Percy is the only carrot ever taken from me and by Farmpony when I was not looking.

She stole him saying I was negligent but she swiped him when I was not looking.

Then she show me his poor body all bronzed and teased me saying she eat him and put him in a pie.

She is known as* MEAN *old Farmpony !!!

So you can see how mean she is...she won't even give him back so I can give him a proper burial.


----------



## farmpony84 (Apr 21, 2008)

tinyliny said:


> must be a private joke. Percy?


 
Spyder is just upset because I had to remove a carrot from her home. You see, not only am I a mod, but I am a member of the CPS (Carrot Protective Services)...


----------



## Spyder (Jul 27, 2008)

farmpony84 said:


> Spyder is just upset because I had to remove a carrot from her home. You see, not only am I a mod, but I am a member of the CPS (Carrot Protective Services)...



Admit it..you STOLE him. He was flourishing just nicely...until you stole him and bronzed him.

POOR PERCY.


----------



## tinyliny (Oct 31, 2009)

Spyder said:


> Percy is the only carrot ever taken from me and by Farmpony when I was not looking.
> 
> She stole him saying I was negligent but she swiped him when I was not looking.
> 
> ...


Spyder, 
You have no idea! She is absolutely the meanest mod there is. Why on the mod threads she has us all terrified. And she farts. OOPS ! I shouldn't have said that. Now she's gonna kill me!


----------



## Spyder (Jul 27, 2008)

tinyliny said:


> Spyder,
> You have no idea! She is absolutely the meanest mod there is. Why on the mod threads she has us all terrified. And she farts. OOPS ! I shouldn't have said that. Now she's gonna kill me!



Doesn't surprise me at all....on ALL counts.

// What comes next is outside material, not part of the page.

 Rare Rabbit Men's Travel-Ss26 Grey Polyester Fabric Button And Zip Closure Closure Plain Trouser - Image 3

Bad bad MEAN OLD Farmpony.


----------



## farmpony84 (Apr 21, 2008)

tinyliny said:


> Spyder,
> You have no idea! She is absolutely the meanest mod there is. Why on the mod threads she has us all terrified. And she farts. OOPS ! I shouldn't have said that. Now she's gonna kill me!

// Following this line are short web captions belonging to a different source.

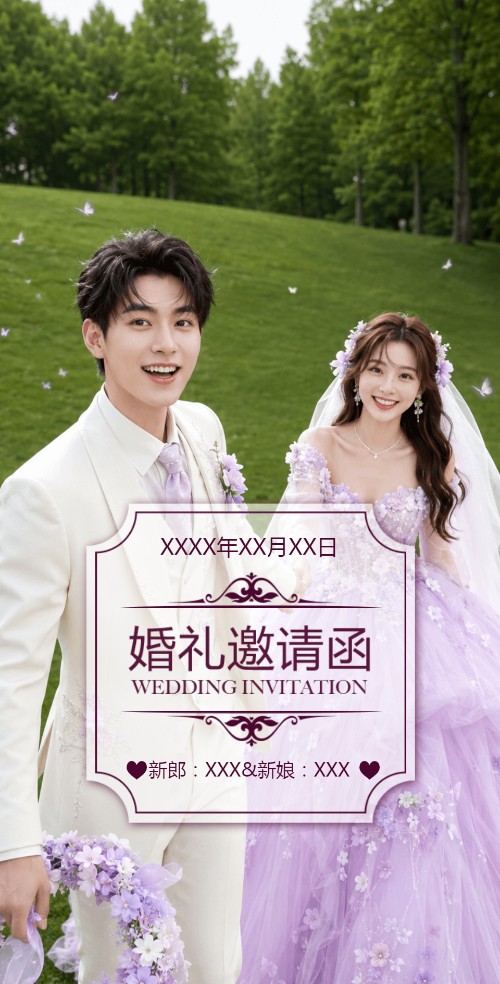 简约欧式大气婚礼电子请柬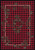 American Dakota Wooded Pines Red rug with pinecones and thin branches over red-and-black checks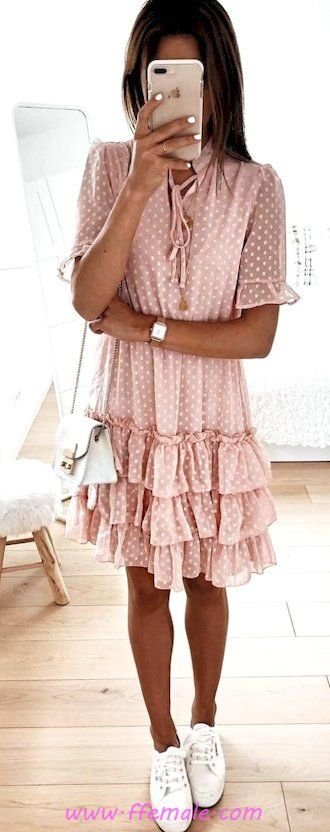 Summer Outfits My awesome and handsome outfit idea - dot, sneakers, sundress, pink, handbag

There are some things that should be left in the mod section... My beautiful roses are one of them....:twisted:

*belch*:twisted:


----------



## tinyliny (Oct 31, 2009)

I know, you're right. (tail between legs)


----------



## VT Trail Trotters (Jul 21, 2011)

farmpony84 said:


> I remember in high school we observed Lee-Jackson-King day here... but I think the rest of the US celebrates Martin Luther King jr day....
> 
> All I know is we have so many freedoms that our freedoms infringe apon our freedoms...
> 
> I have a Christmas tree at my house ...


Nice house, love "log cabin" houses. And who ever was saying about school high school can have lots of drama. But today there is more i am sure than the 70s with muscle cars and gas under a dollar. But today there is facebook and texting and all that stuff.


----------



## Spyder (Jul 27, 2008)

tinyliny said:


> I know, you're right. (tail between legs)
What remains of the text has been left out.